Proper Dependency Injection in Your AngularJS TypeScript Apps


I’ve witnessed quite a lot of legacy AngularJS TypeScript code (yes, including my very own) where dependency injection is done in an impractical way. The most common way of doing dependency injection, is by manually injecting the dependencies while loading your AngularJS components and their accommodating TypeScript classes. What this basically means is that, while injecting a dependency, you have to do this three times (!). Not only that, all three times have to be similar in order for the injection (string matching) to work. Consider the following example:

angular.module("myApp", []).controller("MyController", ["$scope", "MyService", ($scope, MyService)
    => new Application.Controllers.MyController($scope, MyService)]);
module Application.Controllers {
 
    import Services = Application.Services;
 
    export class MyController {
 
        scope: any;
        myService: Services.IMyService;
         
        constructor($scope: ng.IScope, myService: Services.IMyService) {
            this.scope = $scope;
            this.myService = myService;
        }
    }
}

MyController is a class that takes in two dependencies - $scope and MyService. However, in the first code block, the injection itself is written three times (lines 1 and 2). Not only does this result in a maintenance hell, it greatly affects the readability of the code.

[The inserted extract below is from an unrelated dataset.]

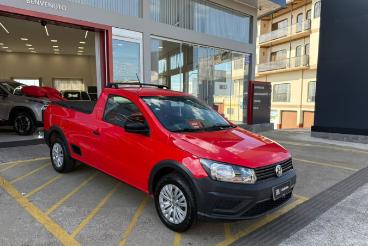 SPOTICAR Volkswagen Saveiro 1.6 Robust Cs 8v Flex 2p Manual Usada - Picape Flex Vermelho - Capinzal - 500043783_2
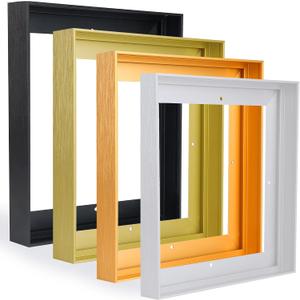 24x48 Canvas Frame, DIY Metal Floater Frame for 1.25" Deep Canvas Painting, Floating Frames for Prints Artwork (24"x48", Black)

So, how do we solve this issue? Simple, we use AngularJS’ $inject property to do the injection in our TypeScript class. In MyController, we statically use $inject and define the dependencies like so (line 10):

module Application.Controllers {
 
    import Services = Application.Services;
 
    export class MyController {
 
        scope: any;
        myService: Services.IMyService;
        
        static $inject = ["$scope", "MyService"];

        constructor($scope: ng.IScope, myService: Services.IMyService) {
            this.scope = $scope;
            this.myService = myService;
        }
    }
}

And then simply change the wiring like so:

angular.module("myApp", []).controller("MyController", Application.Controllers.MyController);

Notice how elegant the wiring looks? No explicit injection that we need to worry about, all we need is to inspect the class itself to find the dependencies.